Per risolvere questo problema, bisogna prestare attenzione ai punti di connessione e alle giunzioni tra i componenti. L’umidità, infatti, cerca sempre un modo per penetrare all’interno dell’apparecchio. Ciò crea dei percorsi attraverso cui la corrente può scorrere dove non dovrebbe. Se una goccia d’acqua colpisce un terminale esposto, si verifica un cortocircuito… o peggio, un guasto elettrico.
Per evitare questo, utilizziamo guarnizioni in silicone ad alta temperatura e resine epoxiche proprio alle estremità della lampada. Questo permette di impedire all’acqua di entrare in contatto con i contatti elettrici. Il tubo di vetro di quarzo svolge comunque un ottimo ruolo di isolamento, ma la vera zona pericolosa è proprio quel punto in cui il filo entra in contatto con il filamento. Ecco perché utilizziamo materiali isolanti di alta qualità, in grado di superare facilmente i requisiti standard per uso domestico. In questo modo, la corrente rimane sempre nel suo percorso corretto, anche quando la stanza diventa davvero calda come in una sauna.
Poi c’è la questione degli accessori: di solito utilizziamo connettori di tipo R7 o Sk15. Perché? Perché si inseriscono perfettamente tra loro. Un inserimento poco preciso significa letteralmente invitare il vapore a penetrare nella presa.

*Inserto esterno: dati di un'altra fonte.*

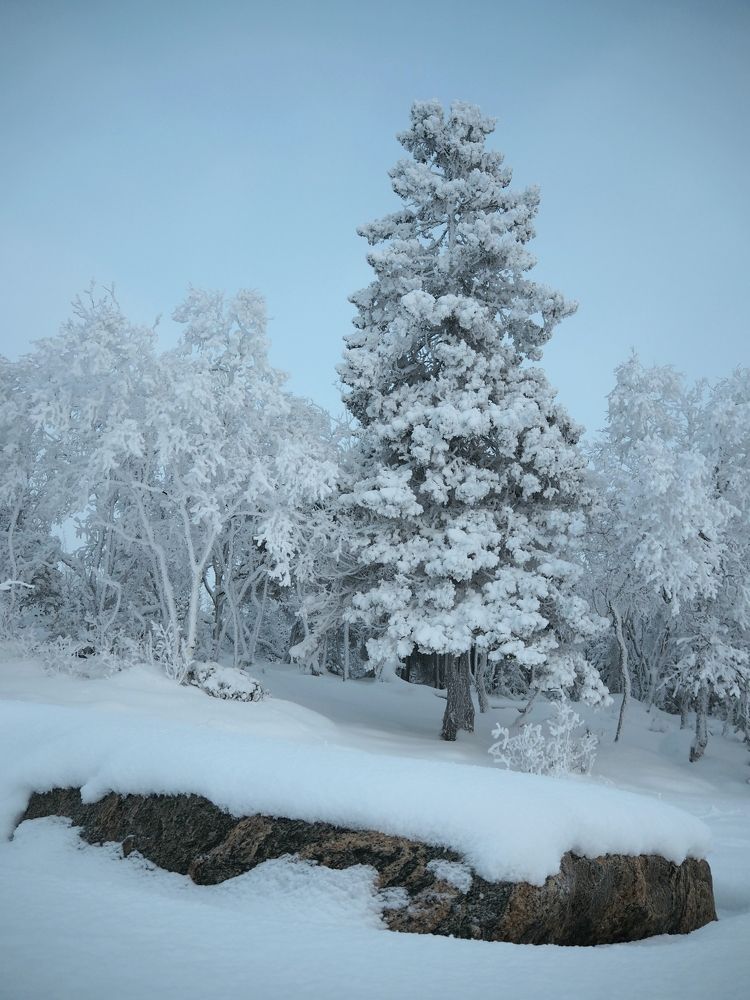 Photograph by Евгений Яковлев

Abbiniamo questi connettori a rivestimenti di tipo IP65. In parole semplici, ciò significa che l’apparecchio è completamente impermeabile e può resistere a getti d’acqua senza problemi. Tuttavia, bisogna essere attenti durante l’installazione: se si strizza la guarnizione mentre la si avvita, si crea una perdita d’acqua, e tutto l’isolamento presente non serve a nulla.
Ma c’è ancora un problema… Quando si sigilla bene l’apparecchio per evitare che l’acqua entri, si imprigiona anche il calore. In pratica, si blocca la circolazione dell’aria. Questo fa sì che l’area intorno ai cavi diventi incredibilmente calda. Se si utilizzano cavi di PVC di scarsa qualità, questi si scioglieranno e bruceranno.
Ecco perché utilizziamo cavi in PTFE o in fibra di vetro. Essi riescono a sopportare alte temperature senza problemi. Basta assicurarsi che l’apparecchio abbia una piccola finestra termica: abbastanza per evitare che il rivestimento si deformi, ma sufficientemente stretta per mantenere i componenti elettrici asciutti.